Just swipe your finger over a map, and Strava’s Route Builder for Mobile will create a run route for you. Read on…
For runners and cyclists who want to plan safe, exciting routes to run and cycle in new places, a new Strava feature called Route Builder for Mobile is promising to make that process easier.
Strava’s director of communications Andrew Vontz says that the new mobile feature is an excellent way to create commuting routes or safe and efficient ways to explore a city.
“You can land almost anywhere in the world, someplace you’ve never visited before, and with just a few swipes on a map, create the best possible route,” Vontz said.
So how’s Route Builder for Mobile different from other mapping software? Using Google Maps or a similar smartphone app “will just take you the shortest path between points A and B,” said senior product manager Graham Keggi, adding that this mobile tool uses Strava’s heat maps—more than 1 billion activities and 13 trillion data points collected worldwide—to craft the best possible route for your chosen activity.
To use the new Route Builder feature, just trace a rough route over the map with your finger. (The old Route Builder desktop version uses multiple point-and-click waypoints instead of finger swipes, but the principle is basically the same.) The app does the rest. It’s quick and impossibly easy. After you create the route, you can either print out a cue sheet or export the route to a device that supports GPX or TCX import.
Strava’s Route Builder for Mobile aims to help you find the best, safest routes in new places.
Engineer Drew Robb came up with the idea for the mobile version in December, during one of the Strava Jam innovation retreats held each quarter. Company officials loved the idea and fast-tracked the project; Route Builder For Mobile rocketed from concept to public beta test in only two months.
User feedback has yet to roll in, and all three men expect features to be added based on those comments. Some functions from the beefier desktop version may eventually migrate down to the mobile version as well. Gravity-challenged runners love that version’s option to create a route with the least amount of elevation change, but that’s not yet an feature for the app.
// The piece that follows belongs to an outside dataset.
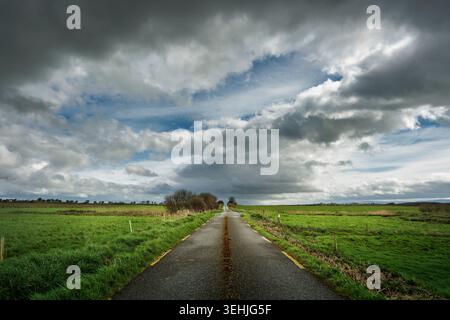 Narrow country road leading through green fields under a dramatic cloudy sky in County Kerry, Ireland. Stock Photo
Beyond safety, the app also has distinct creative possibilities—namely, that riders can plot out Strava art more easily and efficiently than on a desktop program. Although the finished route might be slightly different as Strava navigates users to nearby, more bike-or run-friendly streets, it usually comes very close to the original concept.
An intricate design that might take an hour or more creating on the desktop version can be created in minutes or even seconds on the mobile version, then quickly downloaded to your bike computer.
Gene Lu got his start creating Strava art several years ago, becoming inspired by the Game of Thrones TV show.
“I thought it’d be fun to run routes in the shape of the House sigils from the show,” Lu said. “At first, I was first mapping these designs out on Google Maps, which was very limiting as it only gives you a handful of points to play with. A few years later, I switched to Strava’s (desktop-version) Route Builder, which gives you almost a limitless amount of points to play with. This bumped my run route designs up to a new level of detail.”
The new Strava tool will make it easier for him and other artistic athletes to sketch out initial concepts, he says, as well as motivate beginners to start designing their own routes.
The new feature is available to all Strava Summit subscribers (starts at $3/month).